● Extracted data
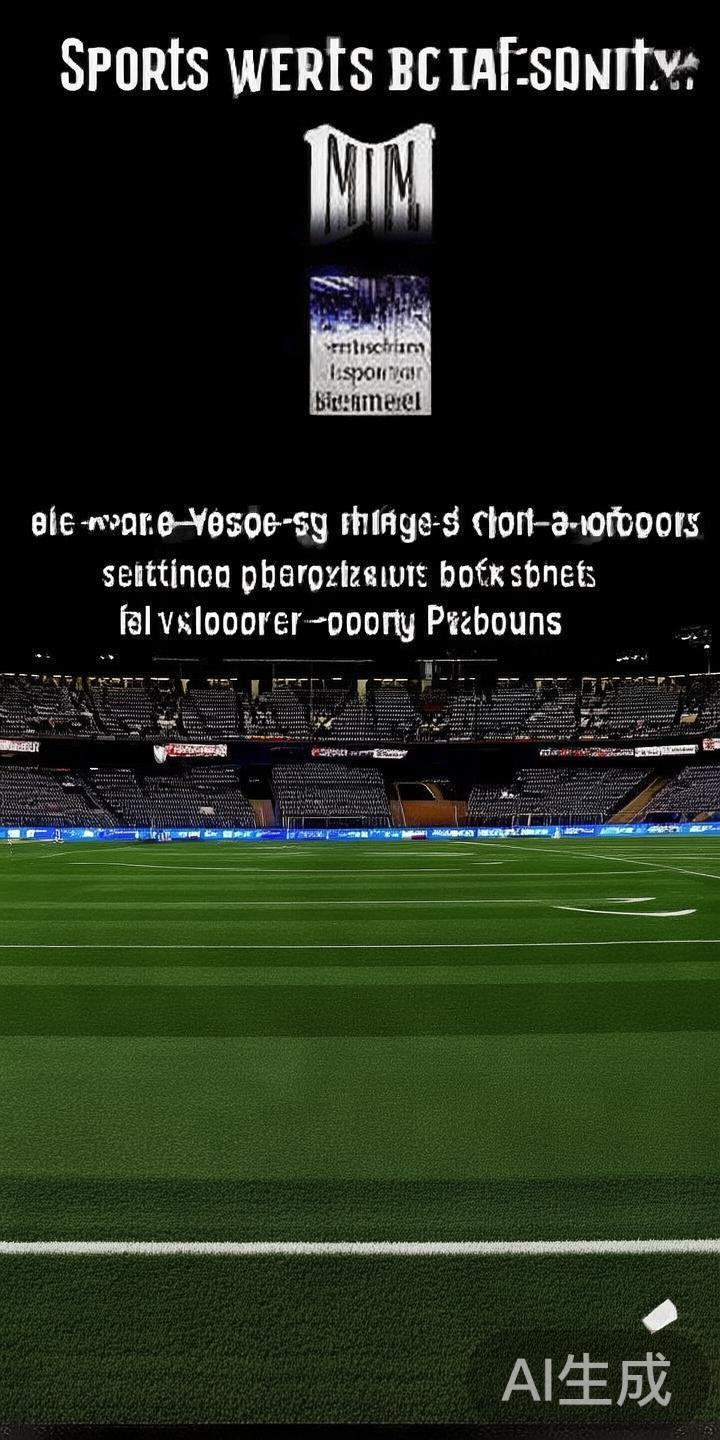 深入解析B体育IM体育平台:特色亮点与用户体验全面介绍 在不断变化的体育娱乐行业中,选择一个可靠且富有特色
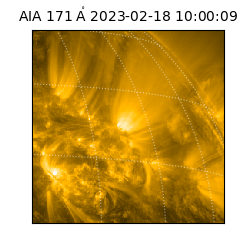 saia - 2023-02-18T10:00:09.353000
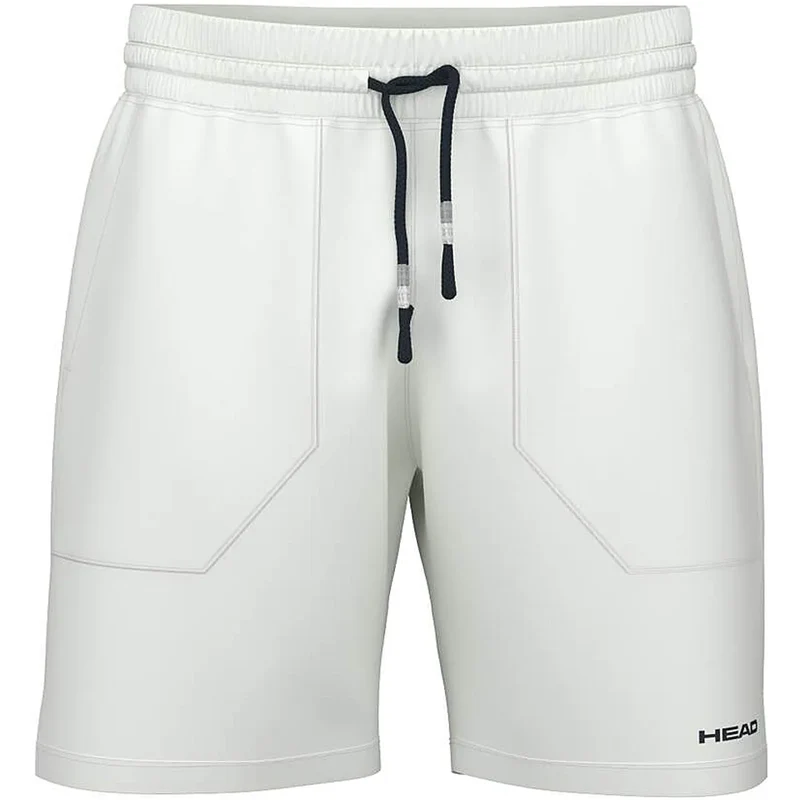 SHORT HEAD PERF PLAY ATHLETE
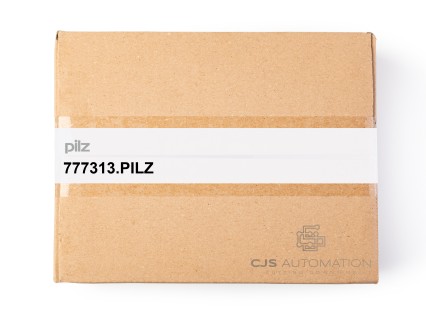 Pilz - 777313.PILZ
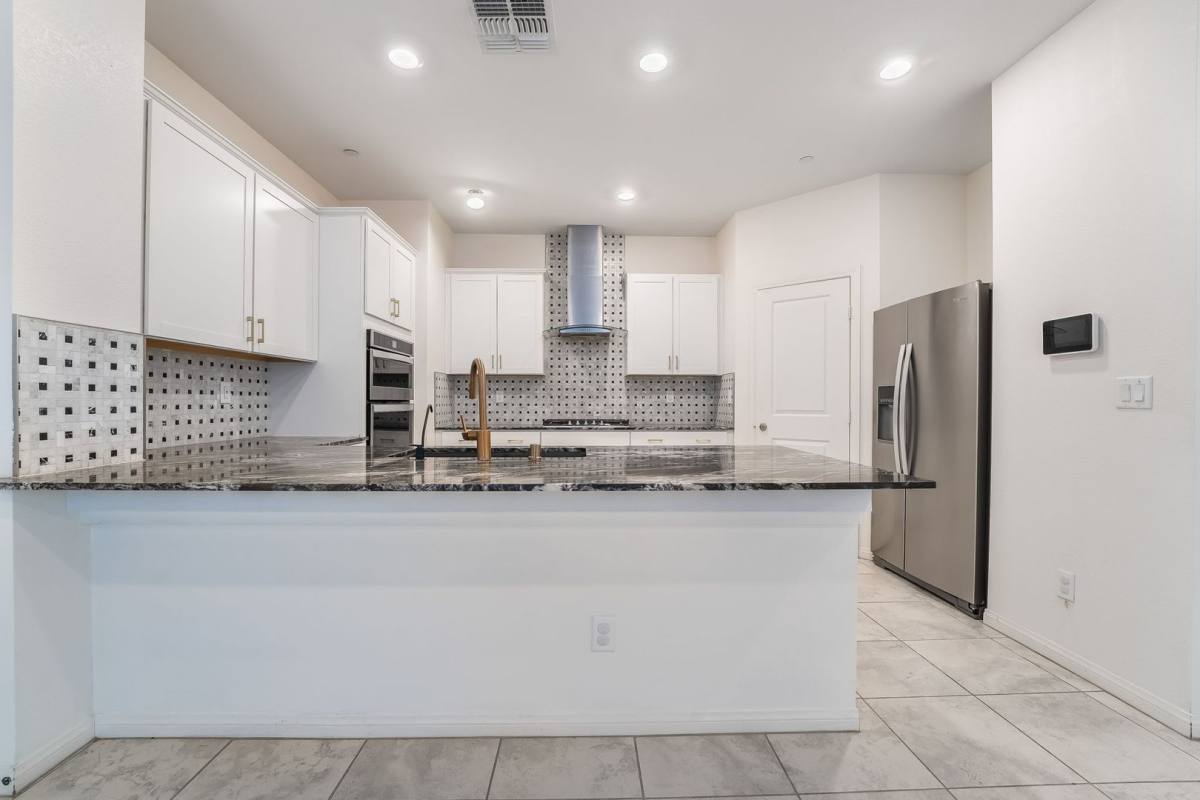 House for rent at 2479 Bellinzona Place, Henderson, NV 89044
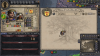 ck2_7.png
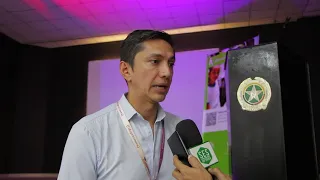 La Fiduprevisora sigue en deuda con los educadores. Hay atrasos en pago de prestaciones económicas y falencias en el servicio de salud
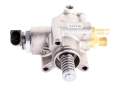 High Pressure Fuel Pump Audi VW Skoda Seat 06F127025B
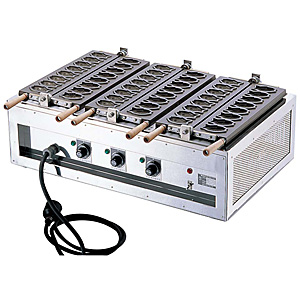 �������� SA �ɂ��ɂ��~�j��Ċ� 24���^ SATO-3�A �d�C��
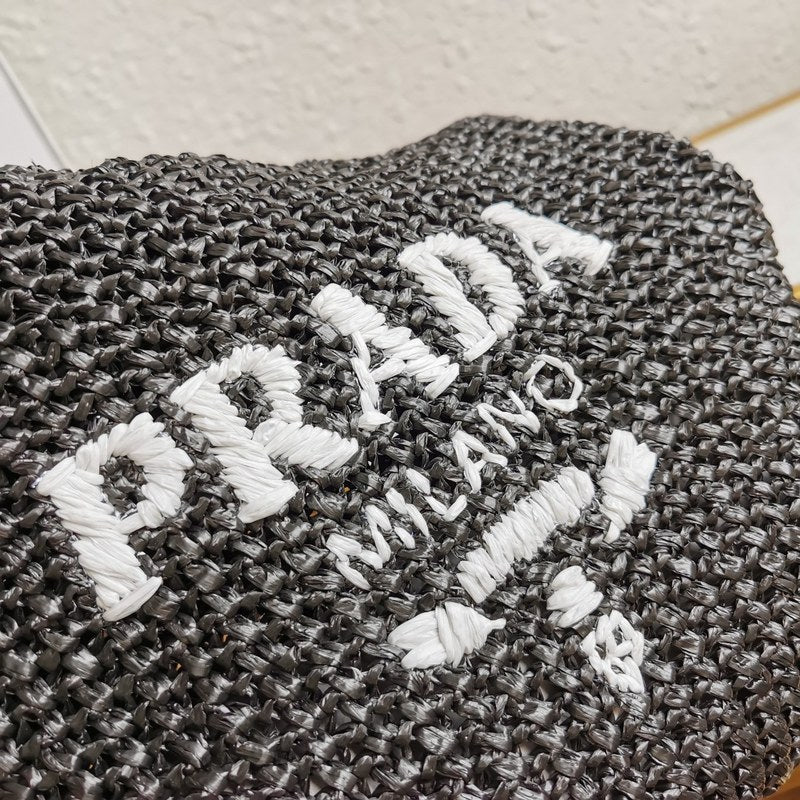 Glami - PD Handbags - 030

● Activity
Would you please retype the material above exactly and leave out each picture?

● Your response
 深入解析B体育IM体育平台:特色亮点与用户体验全面介绍 在不断变化的体育娱乐行业中,选择一个可靠且富有特色
 saia - 2023-02-18T10:00:09.353000
 SHORT HEAD PERF PLAY ATHLETE
 Pilz - 777313.PILZ
 House for rent at 2479 Bellinzona Place, Henderson, NV 89044
 ck2_7.png
 La Fiduprevisora sigue en deuda con los educadores. Hay atrasos en pago de prestaciones económicas y falencias en el servicio de salud
 High Pressure Fuel Pump Audi VW Skoda Seat 06F127025B
 �������� SA �ɂ��ɂ��~�j��Ċ� 24���^ SATO-3�A �d�C��
 Glami - PD Handbags - 030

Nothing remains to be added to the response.